What the exercise asks ▸
Set down, exactly, every line from the top of the listing through the one holding "Betty Barclay Mäntel*Outdoorjacke".

Top of Dataset content

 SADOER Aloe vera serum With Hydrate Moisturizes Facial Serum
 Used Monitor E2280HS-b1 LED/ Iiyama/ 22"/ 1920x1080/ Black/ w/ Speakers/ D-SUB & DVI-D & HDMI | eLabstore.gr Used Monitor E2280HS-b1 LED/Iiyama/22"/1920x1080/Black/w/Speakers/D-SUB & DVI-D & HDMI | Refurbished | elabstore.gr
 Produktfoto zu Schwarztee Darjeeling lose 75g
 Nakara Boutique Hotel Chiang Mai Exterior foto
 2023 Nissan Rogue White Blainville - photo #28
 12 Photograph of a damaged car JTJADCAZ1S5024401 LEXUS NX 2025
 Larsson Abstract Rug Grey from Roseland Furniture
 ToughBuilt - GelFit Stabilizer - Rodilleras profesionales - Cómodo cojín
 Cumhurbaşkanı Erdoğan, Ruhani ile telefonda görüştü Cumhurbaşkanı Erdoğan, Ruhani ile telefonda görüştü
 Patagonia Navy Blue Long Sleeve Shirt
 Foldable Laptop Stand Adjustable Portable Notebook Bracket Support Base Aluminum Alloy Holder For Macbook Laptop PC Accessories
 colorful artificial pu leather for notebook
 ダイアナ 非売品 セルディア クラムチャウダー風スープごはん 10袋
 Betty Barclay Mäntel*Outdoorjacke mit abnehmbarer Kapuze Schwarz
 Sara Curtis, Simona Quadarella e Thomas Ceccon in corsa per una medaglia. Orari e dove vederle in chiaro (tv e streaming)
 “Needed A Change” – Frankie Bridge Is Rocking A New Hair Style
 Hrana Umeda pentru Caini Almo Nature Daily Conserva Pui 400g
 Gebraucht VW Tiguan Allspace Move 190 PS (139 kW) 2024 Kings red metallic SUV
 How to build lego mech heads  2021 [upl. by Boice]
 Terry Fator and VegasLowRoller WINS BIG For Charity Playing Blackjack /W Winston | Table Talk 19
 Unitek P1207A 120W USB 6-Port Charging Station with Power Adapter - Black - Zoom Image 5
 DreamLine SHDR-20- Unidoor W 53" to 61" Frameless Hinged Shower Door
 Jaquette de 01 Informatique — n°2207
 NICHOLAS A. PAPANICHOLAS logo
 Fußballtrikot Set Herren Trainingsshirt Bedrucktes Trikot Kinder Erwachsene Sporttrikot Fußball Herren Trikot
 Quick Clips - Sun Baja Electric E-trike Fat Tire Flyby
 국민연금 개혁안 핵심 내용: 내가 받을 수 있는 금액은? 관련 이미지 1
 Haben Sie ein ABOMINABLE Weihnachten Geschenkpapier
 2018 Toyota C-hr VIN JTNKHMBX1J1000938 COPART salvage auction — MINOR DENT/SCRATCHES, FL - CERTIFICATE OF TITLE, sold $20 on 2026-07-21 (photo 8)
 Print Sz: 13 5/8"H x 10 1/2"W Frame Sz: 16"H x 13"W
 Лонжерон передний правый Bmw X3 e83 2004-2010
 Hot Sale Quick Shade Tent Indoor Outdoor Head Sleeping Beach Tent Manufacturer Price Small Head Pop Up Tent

Bottom of Dataset content

Result for this task ▸
 SADOER Aloe vera serum With Hydrate Moisturizes Facial Serum
 Used Monitor E2280HS-b1 LED/ Iiyama/ 22"/ 1920x1080/ Black/ w/ Speakers/ D-SUB & DVI-D & HDMI | eLabstore.gr Used Monitor E2280HS-b1 LED/Iiyama/22"/1920x1080/Black/w/Speakers/D-SUB & DVI-D & HDMI | Refurbished | elabstore.gr
 Produktfoto zu Schwarztee Darjeeling lose 75g
 Nakara Boutique Hotel Chiang Mai Exterior foto
 2023 Nissan Rogue White Blainville - photo #28
 12 Photograph of a damaged car JTJADCAZ1S5024401 LEXUS NX 2025
 Larsson Abstract Rug Grey from Roseland Furniture
 ToughBuilt - GelFit Stabilizer - Rodilleras profesionales - Cómodo cojín
 Cumhurbaşkanı Erdoğan, Ruhani ile telefonda görüştü Cumhurbaşkanı Erdoğan, Ruhani ile telefonda görüştü
 Patagonia Navy Blue Long Sleeve Shirt
 Foldable Laptop Stand Adjustable Portable Notebook Bracket Support Base Aluminum Alloy Holder For Macbook Laptop PC Accessories
 colorful artificial pu leather for notebook
 ダイアナ 非売品 セルディア クラムチャウダー風スープごはん 10袋
 Betty Barclay Mäntel*Outdoorjacke mit abnehmbarer Kapuze Schwarz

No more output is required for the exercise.